TASK INSTRUCTIONS: Retype, with no pictures, each line from the one that holds "red rose isolated on white background" through the last line of the entries below, both included.

---- DATASET EXTRACT

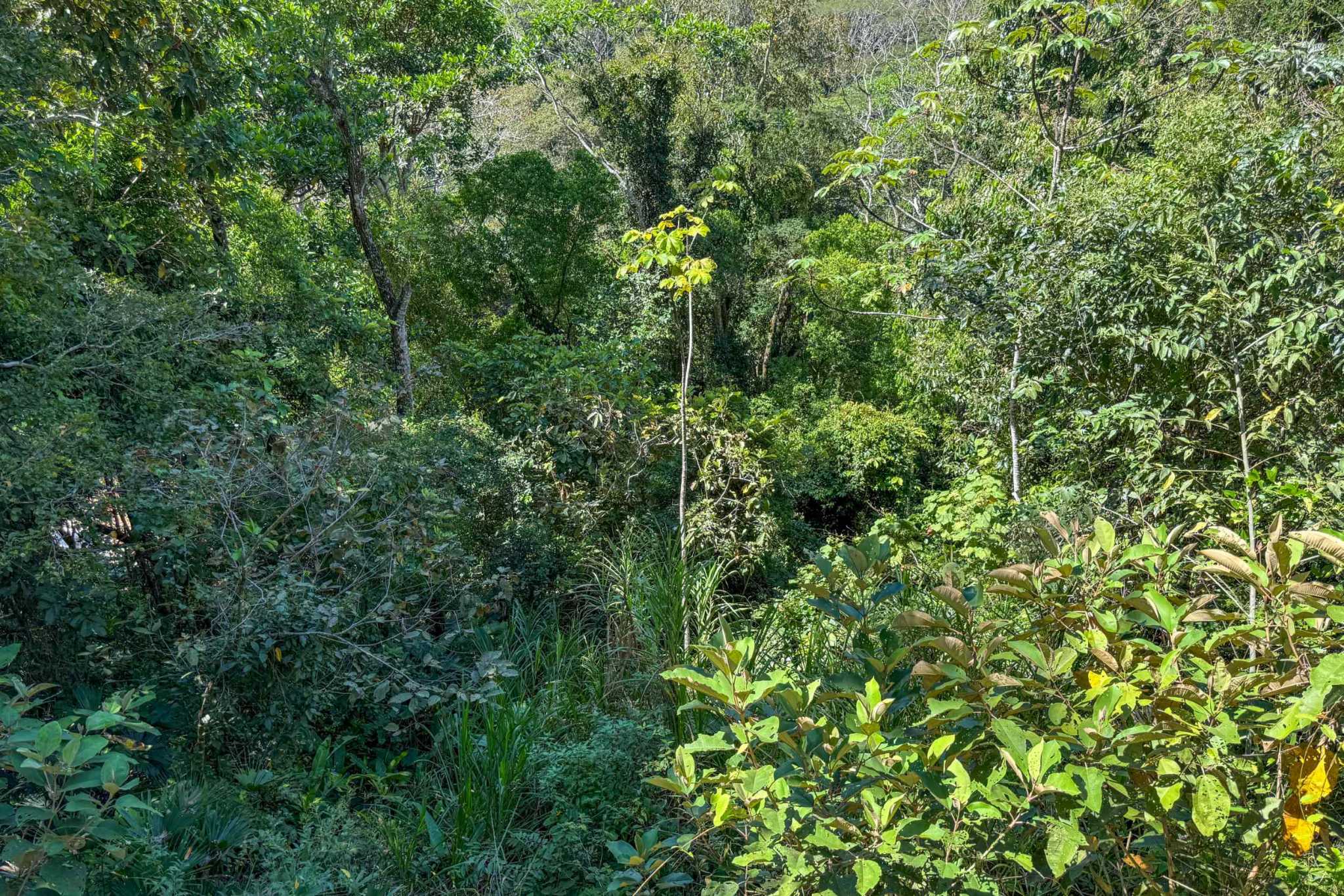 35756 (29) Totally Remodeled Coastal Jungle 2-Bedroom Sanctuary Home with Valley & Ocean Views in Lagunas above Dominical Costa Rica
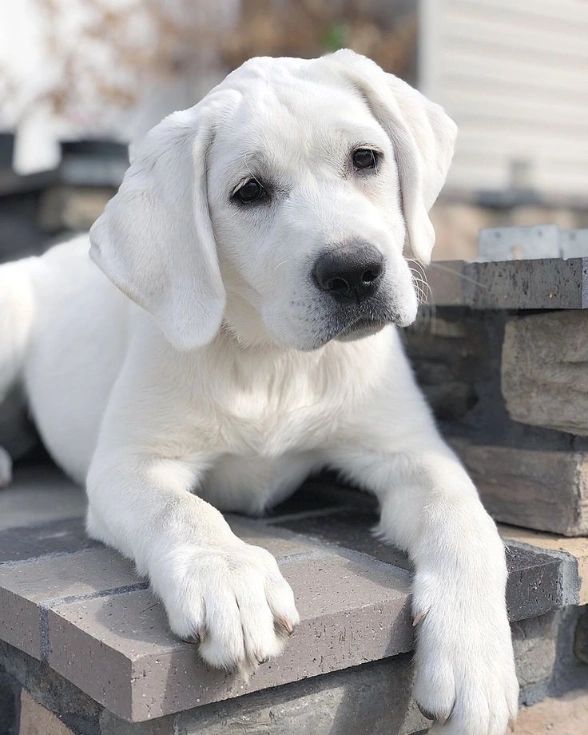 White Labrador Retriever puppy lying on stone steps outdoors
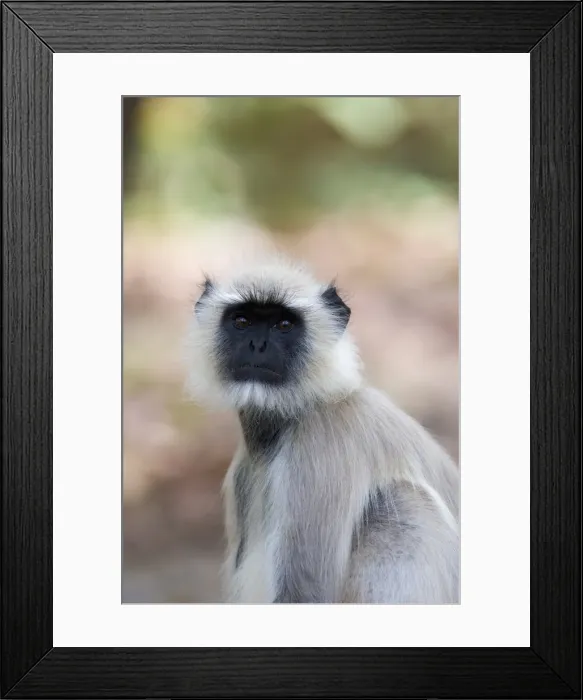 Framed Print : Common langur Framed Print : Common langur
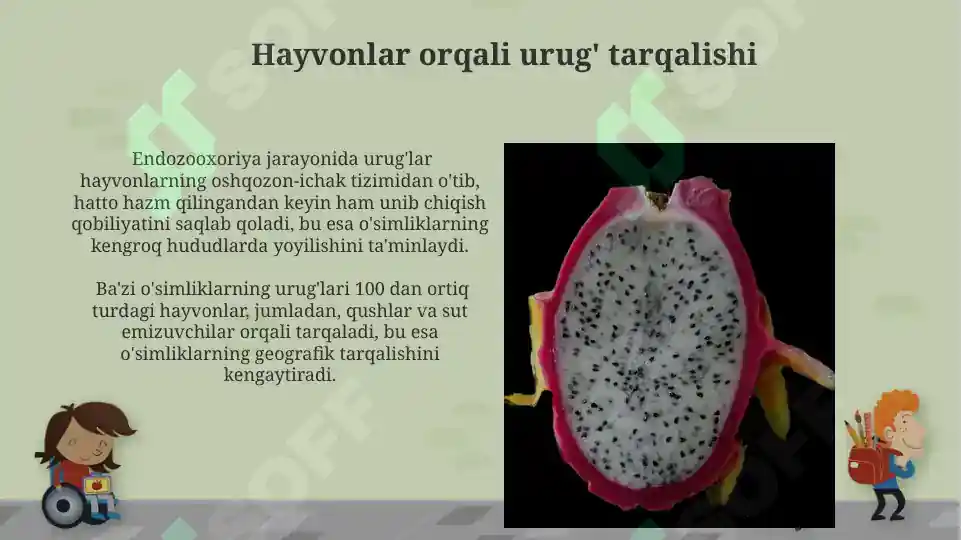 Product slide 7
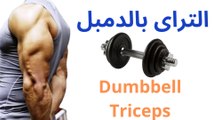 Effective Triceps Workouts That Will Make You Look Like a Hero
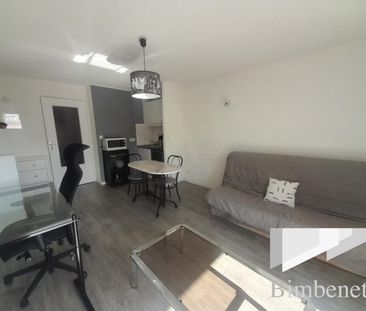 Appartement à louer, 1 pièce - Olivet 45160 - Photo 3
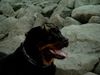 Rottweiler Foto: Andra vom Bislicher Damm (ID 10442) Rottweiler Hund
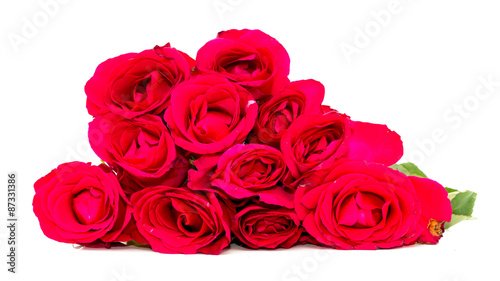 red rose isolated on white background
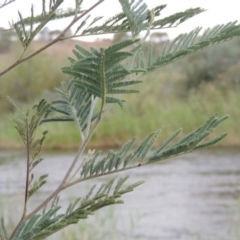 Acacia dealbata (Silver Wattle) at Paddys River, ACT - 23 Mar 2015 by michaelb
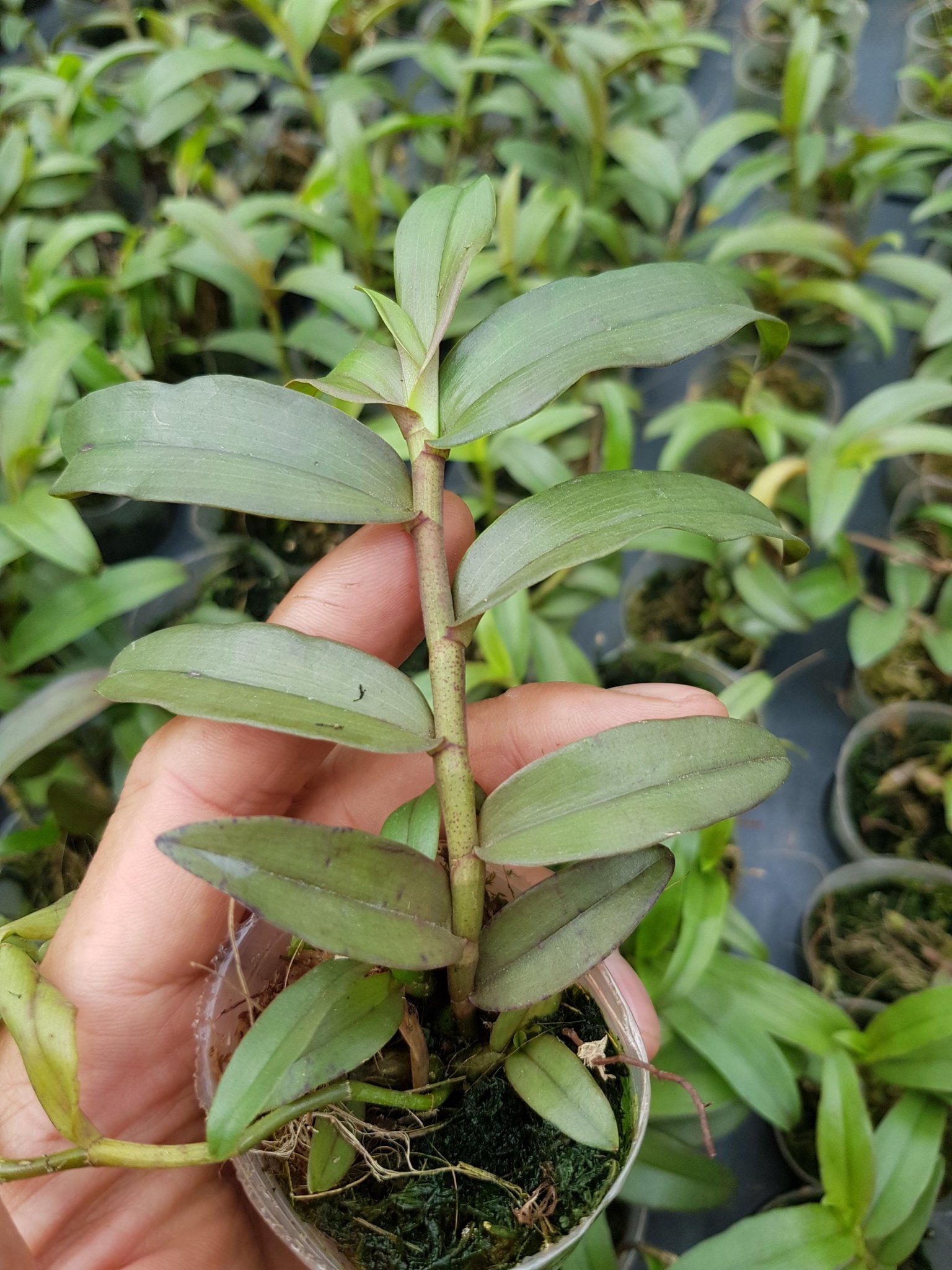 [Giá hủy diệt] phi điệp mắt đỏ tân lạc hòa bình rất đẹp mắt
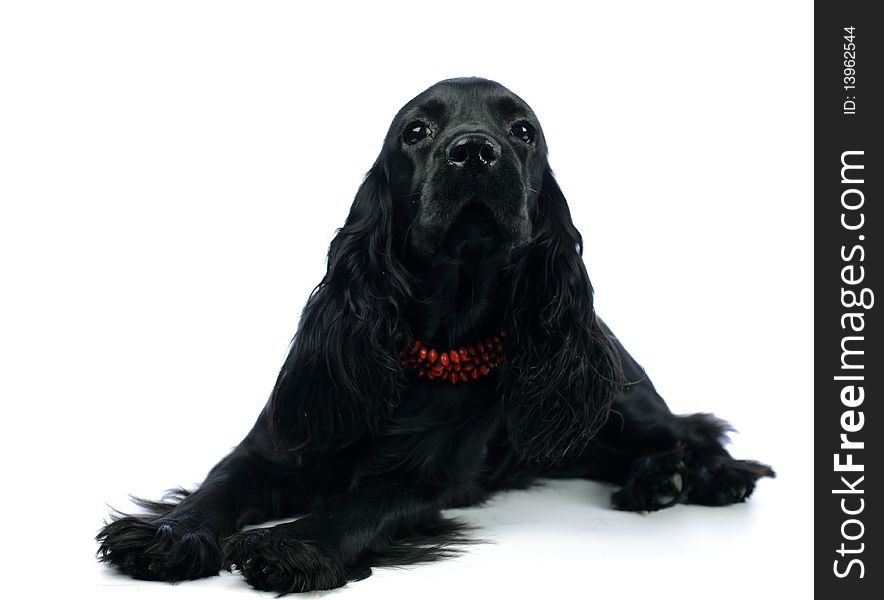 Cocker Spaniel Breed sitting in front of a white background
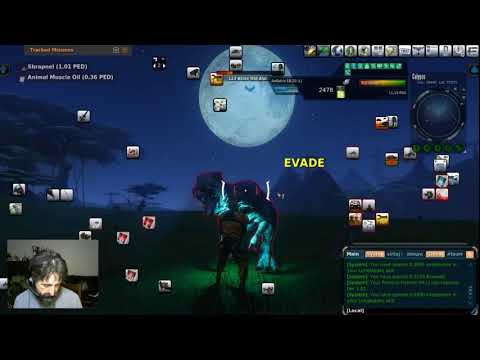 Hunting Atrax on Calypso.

--------

RESULT FOR THIS TASK:
 red rose isolated on white background
 Acacia dealbata (Silver Wattle) at Paddys River, ACT - 23 Mar 2015 by michaelb
 [Giá hủy diệt] phi điệp mắt đỏ tân lạc hòa bình rất đẹp mắt
 Cocker Spaniel Breed sitting in front of a white background
 Hunting Atrax on Calypso.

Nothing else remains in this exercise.